Gastkommentar

Erleben wir gerade einen Umbruch?

Österreich wurde zur Wahldemokratie herabgestuft. Solche Tendenzen nehmen auch anderswo zu.

Der Autor

Stefan Haderer (* 1983) ist Kulturanthropologe u. Politologe mit Spezialisierung auf int. Friedens- u. Konfliktforschung in Wien.

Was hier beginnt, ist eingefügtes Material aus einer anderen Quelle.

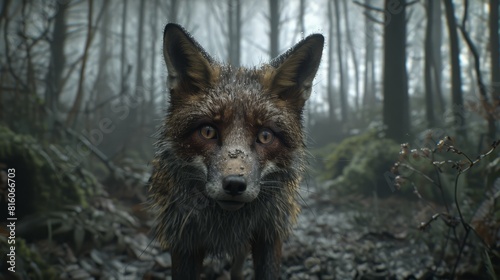  A tight shot of a fox in a forest gazing at the camera with a hazy expression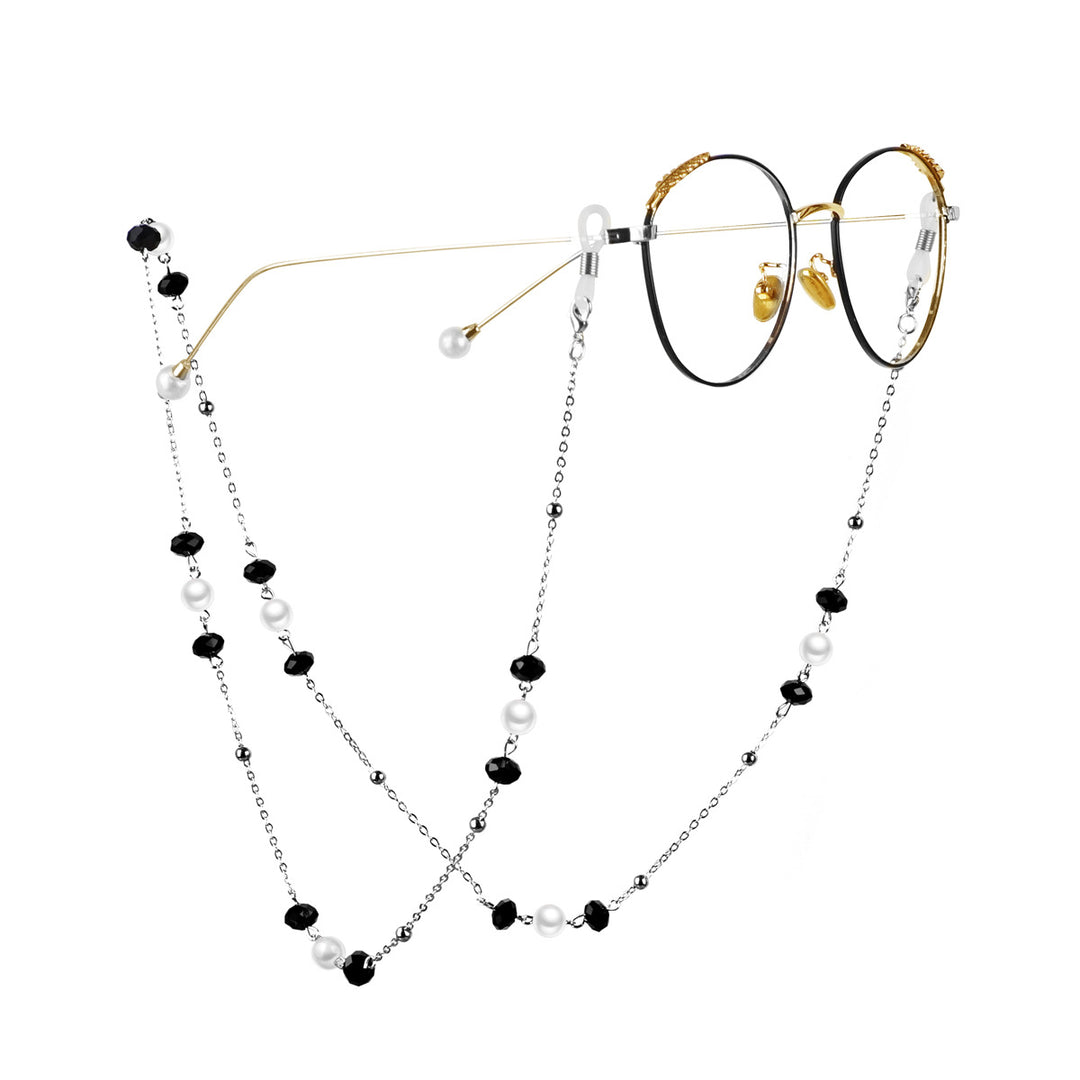 Elegant Pearl and Black Bead Eyewear Chain Stornfield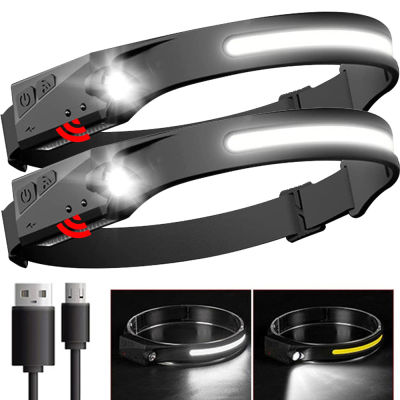 5 Lighting Modes COB LED Headlamp Sensor Headlight USB Rechargeable Head Lamp with Built-in Battery Flashlight Torch Work Light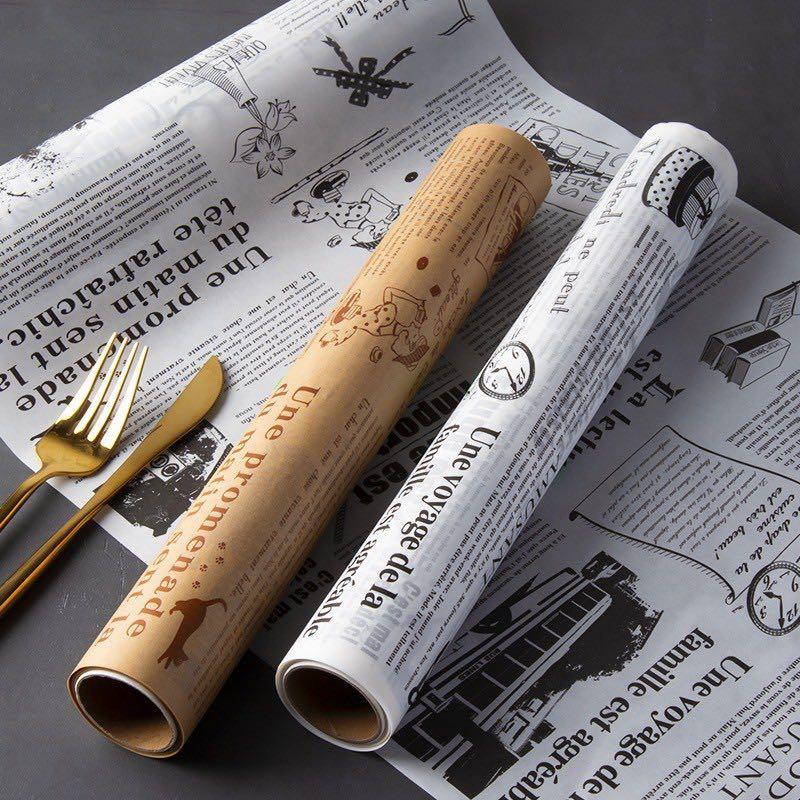 In Stock Vintage Parchment Paper Baking Tools Food Grade Grease Paper Bread Sandwich Burger Fries Wrappers Cookie Oilpaper White Brown Retro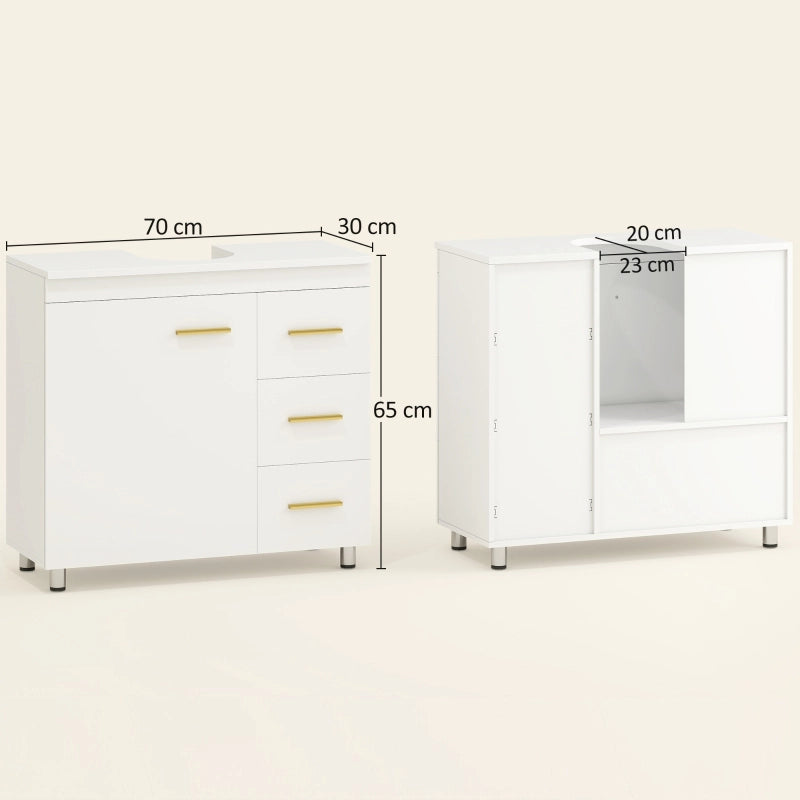 Mobile sottolavabo bagno bianco con 2 ripiani e 3 cassetti, MDF e truciolare, 70 x 30 x 65 cm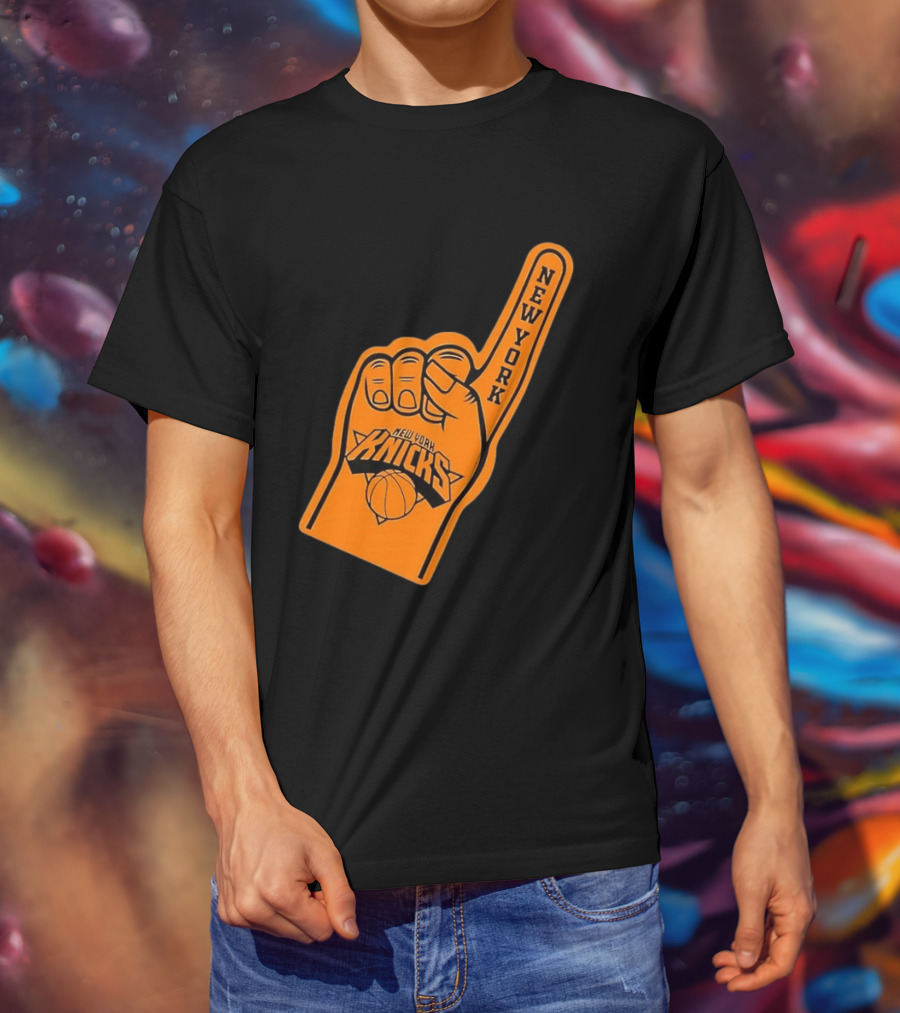 New York Knicks Foam Finger Basketball Fan Gear T-Shirt
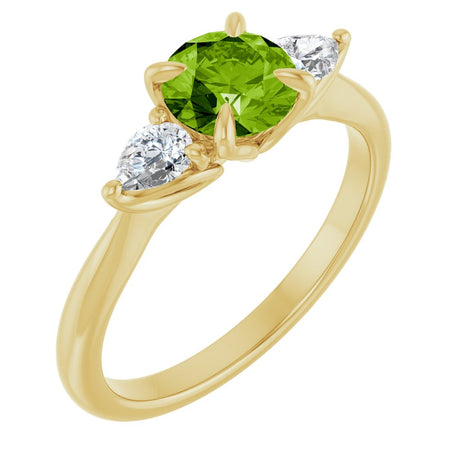 14K Yellow Gold Natural Peridot & 1/4 CTW Natural Diamond Ring  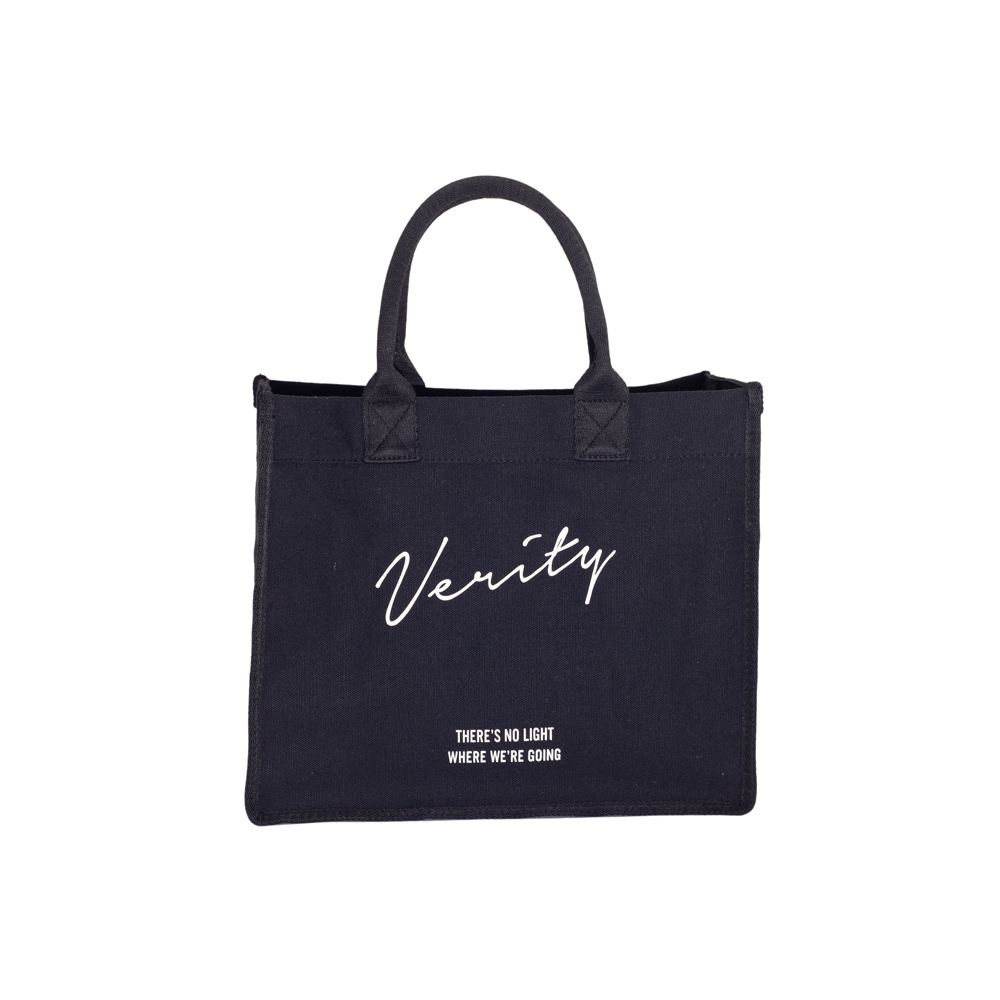 Front view of the Verity cotton canvas tote bag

Die politischen Reaktionen hielten sich in Grenzen, als das „Varieties of Democracy“-Institut Österreich vom Status einer liberalen Demokratie zu einer Wahldemokratie herabstufte. Schon 2018 stellte Civicus Monitor, eine Plattform zur Erforschung der Zivilgesellschaft, unserem Land ein schlechtes Zeugnis aus. Auch die Präsidentschaftswahl in Frankreich – von vielen als eine Volksentscheidung „zwischen Pest und Cholera“ wahrgenommen – zeigt eine höchst bedenkliche Entwicklung auf: Mehr als 40 Prozent der Wählerinnen und Wähler in der Altersgruppe von 18 bis 24 boykottierten die Wahl oder ließen sie an sich vorübergehen, weil sie die repräsentative Demokratie in Europa zunehmend als Trugbild wahrnehmen. Erleben wir gerade einen demokratischen Umbruch? Der Umgang mit Krisen, vor allem während der Coronapandemie, bestärkt Kritiker in dieser Wahrnehmung.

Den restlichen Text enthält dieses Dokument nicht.